─── Input ───

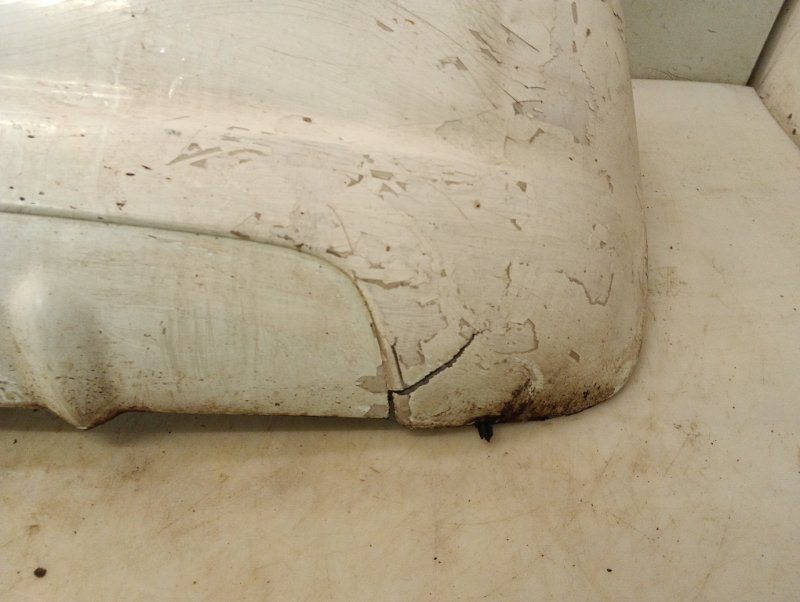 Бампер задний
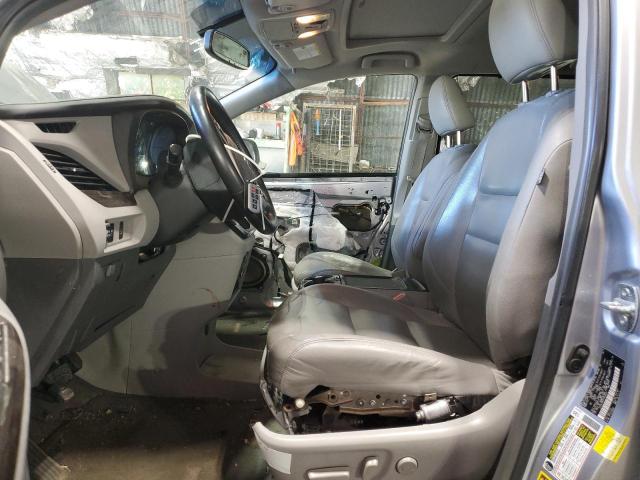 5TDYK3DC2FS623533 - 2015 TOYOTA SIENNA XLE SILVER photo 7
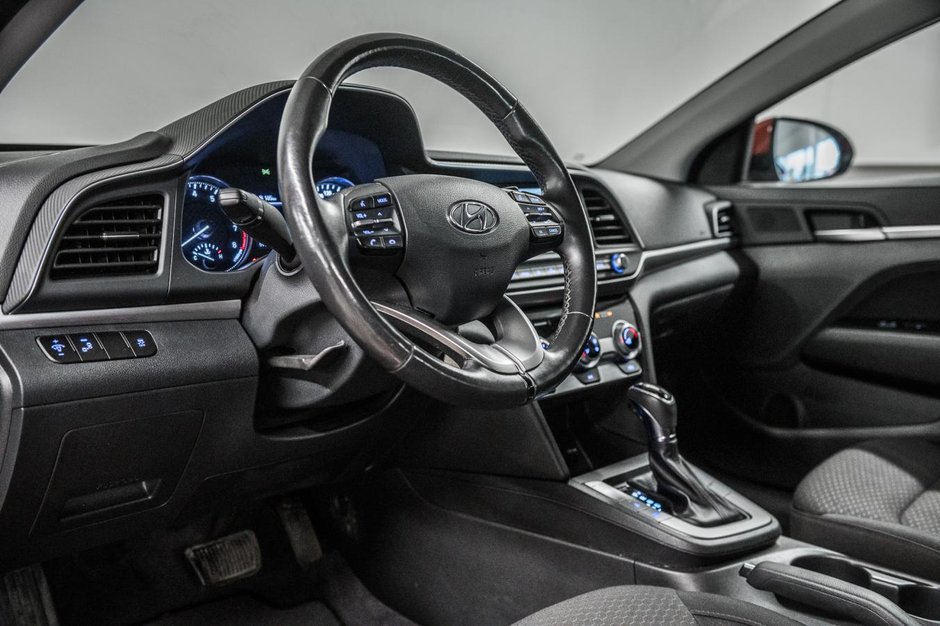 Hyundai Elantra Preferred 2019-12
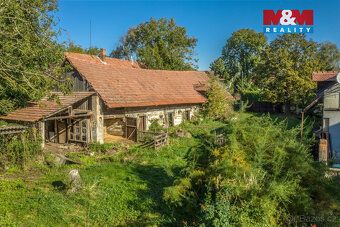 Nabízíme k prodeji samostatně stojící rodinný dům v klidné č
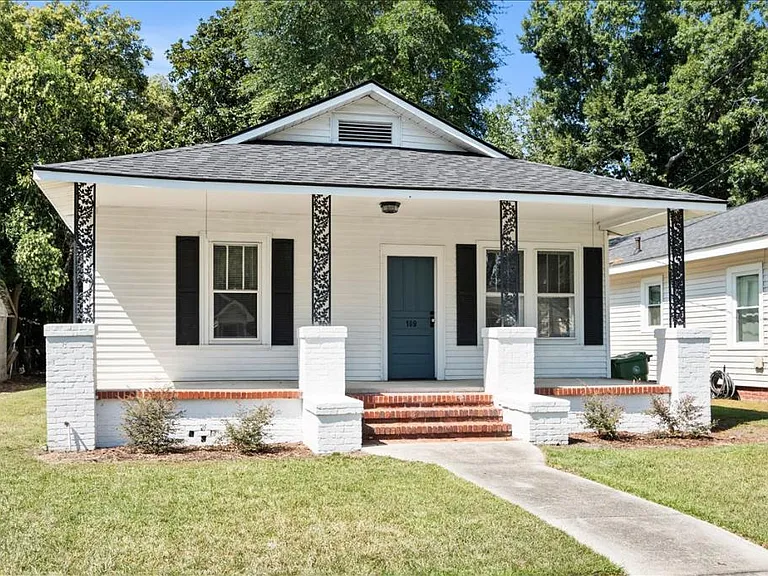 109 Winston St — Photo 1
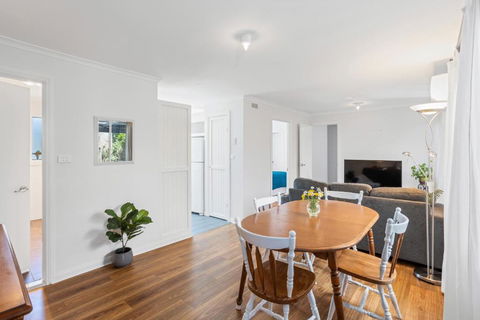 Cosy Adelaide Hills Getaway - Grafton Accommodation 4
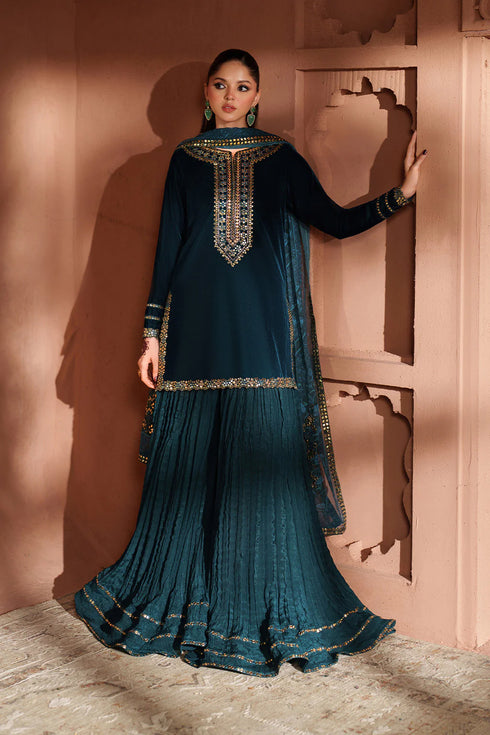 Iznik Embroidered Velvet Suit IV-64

───

### What you need to do
The lines from the one containing "Cosy Adelaide Hills" through the last line above are to be repeated exactly, and only those. Any pictures must be left out.

### Solution to the problem
 Cosy Adelaide Hills Getaway - Grafton Accommodation 4
 Iznik Embroidered Velvet Suit IV-64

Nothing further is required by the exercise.